BY MUYIWA ADETIBA
I couldn’t stay up to watch the re-election of President Barak Obama. Much as I wanted to, I knew from my racing heartbeat, that it wasn’t the wisest thing to do.
The last debate I watched, I had spent more time watching the voter’s reaction to the comments instead of enjoying the quality of the debate. I knew then that I was, contrary to my profession, more involved than I needed to be. During the day, I had spent time getting in touch with my friends in the US and the UK. All, and I mean all, wanted Obama to win.
By 5.30am, I was roused from my sleep by ecstatic calls, telling me Obama had won. The relief that flowed through me was so strong that I wondered why. Obama in the final analysis, is an American who will always put American interests ahead of any other interest including that of Kenya, his ancestral home. His last four years neither benefited me nor my country.There are no indications that the next four will. So why am I so involved? I tried to tell myself that his policies were better and more inclusive; and that Mitt Romney was too shifty. But so what? Its still an American election.
After all, Al Gore was to me, a better candidate than George Bush. But I lost no sleep over his loss. I also felt that the dour Scot, Gordon Brown, was a better man to lead Britain out of its recession than the glib, handsome and empty David Cameron. America suffered economically, and in global perception, for its choice just as Britain is suffering economically for the decision to pick Cameron. For me, a bystander, nothing spoil. So why am I so passionate about this American election? Could it have something to do with the colour of Obama’s skin?

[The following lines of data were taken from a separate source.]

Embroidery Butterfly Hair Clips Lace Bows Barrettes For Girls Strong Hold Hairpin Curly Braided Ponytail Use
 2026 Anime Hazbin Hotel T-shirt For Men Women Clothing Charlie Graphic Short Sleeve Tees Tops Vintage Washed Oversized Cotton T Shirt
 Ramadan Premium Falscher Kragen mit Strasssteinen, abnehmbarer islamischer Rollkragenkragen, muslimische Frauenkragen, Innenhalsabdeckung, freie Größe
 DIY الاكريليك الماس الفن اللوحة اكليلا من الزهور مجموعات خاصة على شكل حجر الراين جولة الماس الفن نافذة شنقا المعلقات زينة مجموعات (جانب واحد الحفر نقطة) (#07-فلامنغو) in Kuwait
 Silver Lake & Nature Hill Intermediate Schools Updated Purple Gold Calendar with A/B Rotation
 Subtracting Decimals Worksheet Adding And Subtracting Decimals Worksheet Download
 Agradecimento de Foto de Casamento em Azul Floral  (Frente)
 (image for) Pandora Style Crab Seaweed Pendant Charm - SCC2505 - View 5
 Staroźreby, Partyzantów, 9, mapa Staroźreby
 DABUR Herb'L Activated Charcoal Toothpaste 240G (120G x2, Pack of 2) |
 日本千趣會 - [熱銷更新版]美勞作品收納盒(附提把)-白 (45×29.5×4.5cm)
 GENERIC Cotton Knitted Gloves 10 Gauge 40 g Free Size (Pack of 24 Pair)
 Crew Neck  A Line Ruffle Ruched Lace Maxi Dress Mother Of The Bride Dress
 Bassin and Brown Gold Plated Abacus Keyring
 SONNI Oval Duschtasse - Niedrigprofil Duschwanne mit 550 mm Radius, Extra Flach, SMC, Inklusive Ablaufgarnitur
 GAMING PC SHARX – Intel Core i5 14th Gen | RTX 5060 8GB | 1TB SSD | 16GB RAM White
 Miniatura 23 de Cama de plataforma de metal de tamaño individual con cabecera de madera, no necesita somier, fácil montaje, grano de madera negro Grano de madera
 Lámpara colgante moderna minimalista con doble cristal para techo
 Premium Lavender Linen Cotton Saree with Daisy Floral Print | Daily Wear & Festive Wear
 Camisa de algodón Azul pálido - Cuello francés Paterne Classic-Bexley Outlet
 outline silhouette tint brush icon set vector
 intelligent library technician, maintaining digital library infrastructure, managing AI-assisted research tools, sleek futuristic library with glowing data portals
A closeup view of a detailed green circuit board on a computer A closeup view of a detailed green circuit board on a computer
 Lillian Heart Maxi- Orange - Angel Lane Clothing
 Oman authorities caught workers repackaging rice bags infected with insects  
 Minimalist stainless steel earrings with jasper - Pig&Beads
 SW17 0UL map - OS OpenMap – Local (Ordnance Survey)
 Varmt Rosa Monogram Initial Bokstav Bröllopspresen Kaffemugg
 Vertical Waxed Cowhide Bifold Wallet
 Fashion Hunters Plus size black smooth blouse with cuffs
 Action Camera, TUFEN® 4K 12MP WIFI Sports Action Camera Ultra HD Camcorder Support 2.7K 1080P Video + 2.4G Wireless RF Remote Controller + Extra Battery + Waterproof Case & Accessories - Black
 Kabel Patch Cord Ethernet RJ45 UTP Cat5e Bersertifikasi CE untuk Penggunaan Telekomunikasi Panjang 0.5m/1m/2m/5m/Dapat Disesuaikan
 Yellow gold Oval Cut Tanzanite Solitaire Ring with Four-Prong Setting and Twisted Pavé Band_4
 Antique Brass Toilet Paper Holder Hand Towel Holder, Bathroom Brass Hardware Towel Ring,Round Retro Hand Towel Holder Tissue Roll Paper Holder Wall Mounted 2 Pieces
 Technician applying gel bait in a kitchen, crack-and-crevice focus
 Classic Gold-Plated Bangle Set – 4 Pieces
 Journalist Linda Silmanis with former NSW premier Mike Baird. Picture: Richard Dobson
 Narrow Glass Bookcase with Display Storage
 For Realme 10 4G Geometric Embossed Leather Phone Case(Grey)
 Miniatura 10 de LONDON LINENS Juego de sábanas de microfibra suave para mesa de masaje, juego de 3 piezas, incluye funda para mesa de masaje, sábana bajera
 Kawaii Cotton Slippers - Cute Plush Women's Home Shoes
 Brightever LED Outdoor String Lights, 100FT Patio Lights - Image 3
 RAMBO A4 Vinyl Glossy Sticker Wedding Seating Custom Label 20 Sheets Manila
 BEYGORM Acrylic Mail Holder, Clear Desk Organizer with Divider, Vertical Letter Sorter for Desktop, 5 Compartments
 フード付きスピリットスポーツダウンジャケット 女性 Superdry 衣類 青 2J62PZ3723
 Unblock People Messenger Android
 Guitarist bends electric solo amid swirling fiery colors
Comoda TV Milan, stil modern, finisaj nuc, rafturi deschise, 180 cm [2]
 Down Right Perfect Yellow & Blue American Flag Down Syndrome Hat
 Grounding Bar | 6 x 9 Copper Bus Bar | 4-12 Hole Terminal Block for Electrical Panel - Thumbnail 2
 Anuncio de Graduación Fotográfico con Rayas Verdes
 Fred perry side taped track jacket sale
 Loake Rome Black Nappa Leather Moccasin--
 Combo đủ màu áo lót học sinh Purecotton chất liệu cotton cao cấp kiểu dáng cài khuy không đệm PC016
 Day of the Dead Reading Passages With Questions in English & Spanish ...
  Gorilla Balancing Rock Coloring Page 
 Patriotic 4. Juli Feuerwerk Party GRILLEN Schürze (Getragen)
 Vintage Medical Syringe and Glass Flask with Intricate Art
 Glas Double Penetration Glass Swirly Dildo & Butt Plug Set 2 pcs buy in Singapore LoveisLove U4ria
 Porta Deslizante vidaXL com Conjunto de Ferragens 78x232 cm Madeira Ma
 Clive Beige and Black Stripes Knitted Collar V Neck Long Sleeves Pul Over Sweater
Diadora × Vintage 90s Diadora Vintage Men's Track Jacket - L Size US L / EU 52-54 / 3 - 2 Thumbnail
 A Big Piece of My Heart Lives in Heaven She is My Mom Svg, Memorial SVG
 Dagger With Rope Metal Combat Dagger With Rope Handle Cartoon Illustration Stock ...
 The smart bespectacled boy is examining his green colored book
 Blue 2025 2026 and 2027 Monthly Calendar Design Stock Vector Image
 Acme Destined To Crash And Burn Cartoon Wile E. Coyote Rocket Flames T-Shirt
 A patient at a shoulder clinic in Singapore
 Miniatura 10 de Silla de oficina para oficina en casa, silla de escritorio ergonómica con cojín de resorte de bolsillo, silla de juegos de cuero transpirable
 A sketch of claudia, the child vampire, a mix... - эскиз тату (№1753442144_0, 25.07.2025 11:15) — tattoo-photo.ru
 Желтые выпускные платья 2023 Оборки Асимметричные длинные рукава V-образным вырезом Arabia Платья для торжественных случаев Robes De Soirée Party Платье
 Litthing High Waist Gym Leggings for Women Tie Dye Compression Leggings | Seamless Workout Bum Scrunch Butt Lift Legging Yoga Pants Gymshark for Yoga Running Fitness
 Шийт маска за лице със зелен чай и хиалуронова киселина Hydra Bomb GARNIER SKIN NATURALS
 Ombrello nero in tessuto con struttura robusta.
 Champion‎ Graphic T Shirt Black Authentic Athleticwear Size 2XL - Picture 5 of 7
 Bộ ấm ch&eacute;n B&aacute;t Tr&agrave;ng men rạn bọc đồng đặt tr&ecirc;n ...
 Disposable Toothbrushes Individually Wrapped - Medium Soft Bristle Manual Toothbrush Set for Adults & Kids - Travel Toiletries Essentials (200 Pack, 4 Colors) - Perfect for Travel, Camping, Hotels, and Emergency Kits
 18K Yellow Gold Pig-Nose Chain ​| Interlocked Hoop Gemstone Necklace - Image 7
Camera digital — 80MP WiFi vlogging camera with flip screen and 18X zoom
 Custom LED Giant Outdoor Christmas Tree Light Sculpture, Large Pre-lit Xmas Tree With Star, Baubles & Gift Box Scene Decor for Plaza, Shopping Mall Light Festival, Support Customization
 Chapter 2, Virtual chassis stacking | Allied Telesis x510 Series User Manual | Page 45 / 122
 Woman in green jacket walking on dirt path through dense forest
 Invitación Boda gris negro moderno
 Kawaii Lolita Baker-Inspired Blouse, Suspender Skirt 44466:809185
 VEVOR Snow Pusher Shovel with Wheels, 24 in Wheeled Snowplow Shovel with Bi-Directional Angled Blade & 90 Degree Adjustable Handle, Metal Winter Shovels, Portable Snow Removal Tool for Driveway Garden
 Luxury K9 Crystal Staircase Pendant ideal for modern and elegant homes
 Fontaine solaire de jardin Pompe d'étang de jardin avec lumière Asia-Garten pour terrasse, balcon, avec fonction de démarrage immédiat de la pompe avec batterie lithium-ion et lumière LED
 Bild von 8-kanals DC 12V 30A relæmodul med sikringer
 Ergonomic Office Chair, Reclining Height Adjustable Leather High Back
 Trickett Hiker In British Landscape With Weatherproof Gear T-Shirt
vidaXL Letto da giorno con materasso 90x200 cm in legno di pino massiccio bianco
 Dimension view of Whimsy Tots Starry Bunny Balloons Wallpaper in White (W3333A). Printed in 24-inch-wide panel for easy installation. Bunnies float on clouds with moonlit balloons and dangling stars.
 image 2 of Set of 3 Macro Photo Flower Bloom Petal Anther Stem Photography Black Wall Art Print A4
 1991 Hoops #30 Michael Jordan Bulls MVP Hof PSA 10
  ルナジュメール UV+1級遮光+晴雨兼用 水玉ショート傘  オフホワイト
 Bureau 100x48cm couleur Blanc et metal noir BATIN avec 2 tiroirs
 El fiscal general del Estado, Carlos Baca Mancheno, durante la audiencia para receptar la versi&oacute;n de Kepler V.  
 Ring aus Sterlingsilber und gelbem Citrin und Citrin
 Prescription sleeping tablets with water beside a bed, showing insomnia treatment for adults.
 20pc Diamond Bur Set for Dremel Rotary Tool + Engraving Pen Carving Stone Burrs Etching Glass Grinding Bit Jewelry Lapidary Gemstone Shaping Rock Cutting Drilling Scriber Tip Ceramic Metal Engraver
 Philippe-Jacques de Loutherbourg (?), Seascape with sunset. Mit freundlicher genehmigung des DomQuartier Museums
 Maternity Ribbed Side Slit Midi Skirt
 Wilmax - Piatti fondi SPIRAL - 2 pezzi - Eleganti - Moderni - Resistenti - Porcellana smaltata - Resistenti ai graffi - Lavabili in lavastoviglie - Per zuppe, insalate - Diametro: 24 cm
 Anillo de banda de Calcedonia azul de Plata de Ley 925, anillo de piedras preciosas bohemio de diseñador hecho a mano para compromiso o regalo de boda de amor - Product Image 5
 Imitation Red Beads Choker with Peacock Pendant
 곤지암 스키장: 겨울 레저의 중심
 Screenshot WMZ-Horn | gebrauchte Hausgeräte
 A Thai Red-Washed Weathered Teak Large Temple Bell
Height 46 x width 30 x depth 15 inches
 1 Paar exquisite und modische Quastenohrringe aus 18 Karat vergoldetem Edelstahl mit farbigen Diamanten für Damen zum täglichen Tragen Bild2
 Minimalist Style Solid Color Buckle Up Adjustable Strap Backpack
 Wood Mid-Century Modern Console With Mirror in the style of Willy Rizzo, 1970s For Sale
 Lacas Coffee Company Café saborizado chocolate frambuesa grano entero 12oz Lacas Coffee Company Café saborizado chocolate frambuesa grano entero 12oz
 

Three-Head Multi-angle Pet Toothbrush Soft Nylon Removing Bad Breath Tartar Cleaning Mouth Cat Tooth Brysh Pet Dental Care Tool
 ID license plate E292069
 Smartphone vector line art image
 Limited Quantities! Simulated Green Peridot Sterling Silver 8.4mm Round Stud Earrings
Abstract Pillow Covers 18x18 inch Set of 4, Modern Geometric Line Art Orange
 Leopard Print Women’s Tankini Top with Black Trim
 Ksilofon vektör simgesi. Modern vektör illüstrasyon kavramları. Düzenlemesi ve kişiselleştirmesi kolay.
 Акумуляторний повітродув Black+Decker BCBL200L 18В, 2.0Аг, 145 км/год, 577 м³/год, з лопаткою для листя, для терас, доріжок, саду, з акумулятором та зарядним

Later that Wednesday, I had a meeting with some veteran journalists. Those who had stayed up for the re-election, were bleary eyed from lack of sleep. But they all had this feel-good thing and they all expressed joy at the outcome of the election. Some were so passionate that I again wondered if it would translate to anything positive for Nigeria. These were veterans who had been trained to be objective, even cynical sometimes. Yet, they couldn’t see anything wrong with Obama or anything right with Romney for that matter. And I thought, uneasily, if we were all routing for something other than the content of the head here.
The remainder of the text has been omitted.